[SOLVED] Proxmox Server random reboot

Edison · Apr 2, 2023

I used version 5.x before, and then restarted randomly, and I couldn’t find any reason. Later, I upgraded to 7.x, and there was no problem at the beginning. Recently, I found that there was at least one random restart every day, and I couldn’t find the reason. , please help

Code:

proxmox-ve: 7.3-1 (running kernel: 5.15.74-1-pve)
pve-manager: 7.3-3 (running version: 7.3-3/c3928077)
pve-kernel-5.15: 7.2-14
pve-kernel-helper: 7.2-14
pve-kernel-5.15.74-1-pve: 5.15.74-1
ceph-fuse: 15.2.17-pve1
corosync: 3.1.7-pve1
criu: 3.15-1+pve-1
glusterfs-client: 9.2-1
ifupdown2: 3.1.0-1+pmx3
ksm-control-daemon: 1.4-1
libjs-extjs: 7.0.0-1
libknet1: 1.24-pve2
libproxmox-acme-perl: 1.4.2
libproxmox-backup-qemu0: 1.3.1-1
libpve-access-control: 7.2-5
libpve-apiclient-perl: 3.2-1
libpve-common-perl: 7.2-8
libpve-guest-common-perl: 4.2-3
libpve-http-server-perl: 4.1-5
libpve-storage-perl: 7.2-12
libspice-server1: 0.14.3-2.1
lvm2: 2.03.11-2.1
lxc-pve: 5.0.0-3
lxcfs: 4.0.12-pve1
novnc-pve: 1.3.0-3
proxmox-backup-client: 2.2.7-1
proxmox-backup-file-restore: 2.2.7-1
proxmox-mini-journalreader: 1.3-1
proxmox-widget-toolkit: 3.5.3
pve-cluster: 7.3-1
pve-container: 4.4-2
pve-docs: 7.3-1
pve-edk2-firmware: 3.20220526-1
pve-firewall: 4.2-7
pve-firmware: 3.5-6
pve-ha-manager: 3.5.1
pve-i18n: 2.8-1
pve-qemu-kvm: 7.1.0-4
pve-xtermjs: 4.16.0-1
qemu-server: 7.3-1
smartmontools: 7.2-pve3
spiceterm: 3.2-2
swtpm: 0.8.0~bpo11+2
vncterm: 1.7-1
zfsutils-linux: 2.1.6-pve1

Moayad · Apr 3, 2023

Hello,

Thank you for the output of syslog.

There is no there isn't a clear indication of the cause of the reboot. I would instead check:
- dmesg
- Try updating the BIOS firmware (sometimes the issue might be related to hardware) or the hardware temperature
- If you monitor the PVE, can you see before the restart if there is high I/O?
- Lastly, checking the power issues, maybe the power supply problem?

Edison · Apr 4, 2023

Moayad said:
Hello,

Thank you for the output of syslog.

There is no there isn't a clear indication of the cause of the reboot. I would instead check:
- dmesg
- Try updating the BIOS firmware (sometimes the issue might be related to hardware) or the hardware temperature
- If you monitor the PVE, can you see before the restart if there is high I/O?
- Lastly, checking the power issues, maybe the power supply problem?

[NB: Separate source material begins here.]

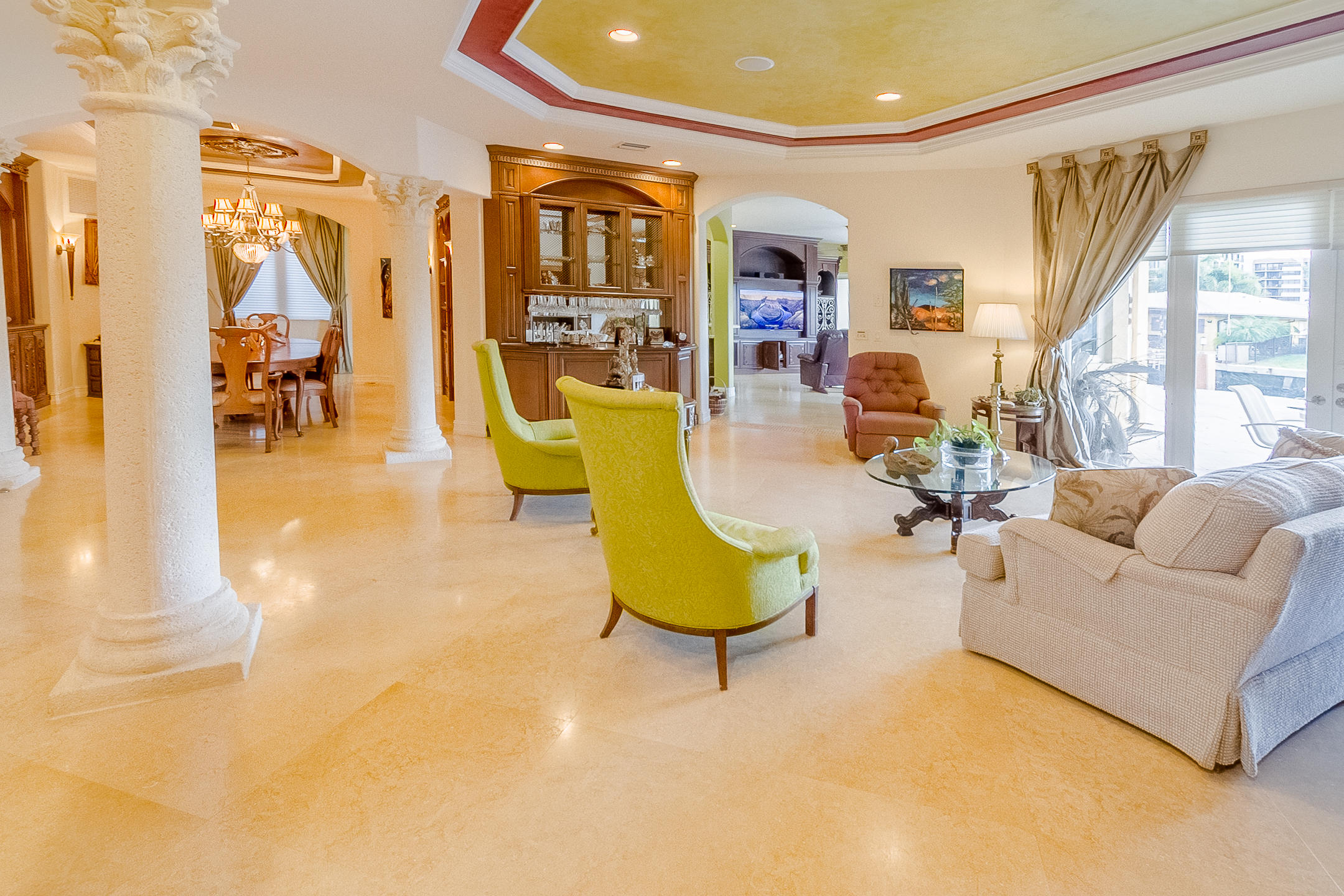 828 Forsyth Street Boca Raton, FL 33487 - Photo 37 of 60 Boca Keys Beauty (36 of 60)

Thank you for your suggestion, I will try it for a while according to your suggestion and give feedback.

amengus · Apr 4, 2023

Hello,

I think I'm facing the same issue on only one node.

- It's a new node (since 7 days) in a production cluster (3 members + this one) so there is no VMs running on it (yet)
- No high I/O before the reboot
- No information related inside dmesg
- The node is using the latest packages available (Community Edition)

Last crash occured yesterday April 3th at 19:30 (Europe/Paris) :

Moayad · Apr 4, 2023

Do you enable the HA Proxy?
At the time when a node got rebooted, did you see anything in the Syslog/jornalctl related to corosync?

amengus · Apr 4, 2023

No HA Proxy enabled on my side.
Sorry, I've read logs twice and no error about corosync in them.

The only parameter that was different is about the time zone : 3 nodes under Europe/Paris and the last one (crash) under UTC.
I've changed the setting this morning but "I don't think" that it could lead to a crash.

I've just migrate a VM on this crashed node in order to check if the reboot occurs again in a few hours.

Moayad · Apr 4, 2023

Sorry, I meant HA Availability, not ~~HA proxy~~.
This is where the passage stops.